◆ **Given material**
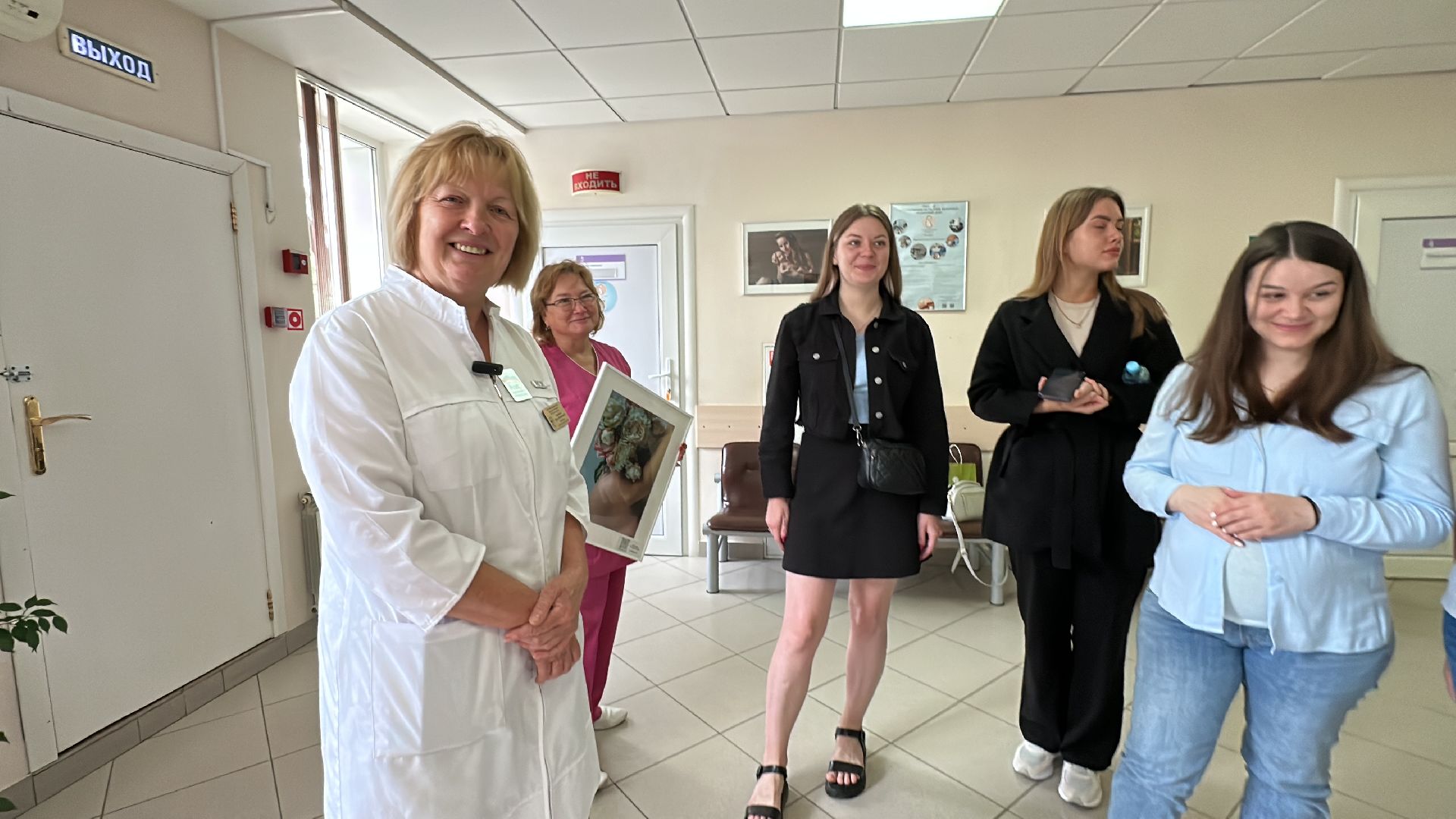 Одинцово, Картины в дар, Медицина, Фотосессии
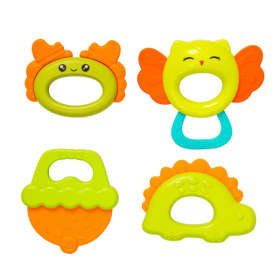 Набор "Погремушки" Elefantino 4 шт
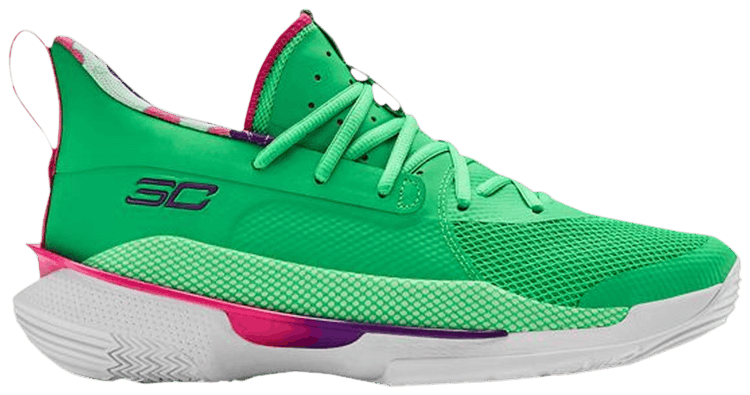 curry 7 pink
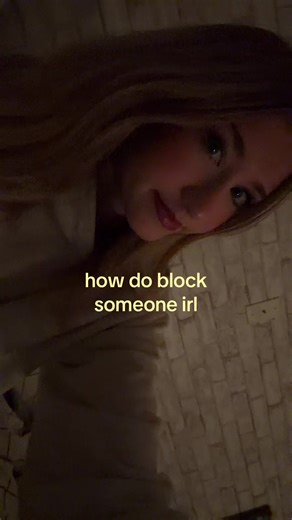 How to Block Someone in Real Life Effectively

◆ **Work instruction**
Repeat the line containing "Elefantino 4 шт" and every line after it up to the end of the material above, exactly as they stand, minus the pictures.

◆ **Task result**
 Набор "Погремушки" Elefantino 4 шт
 curry 7 pink
 How to Block Someone in Real Life Effectively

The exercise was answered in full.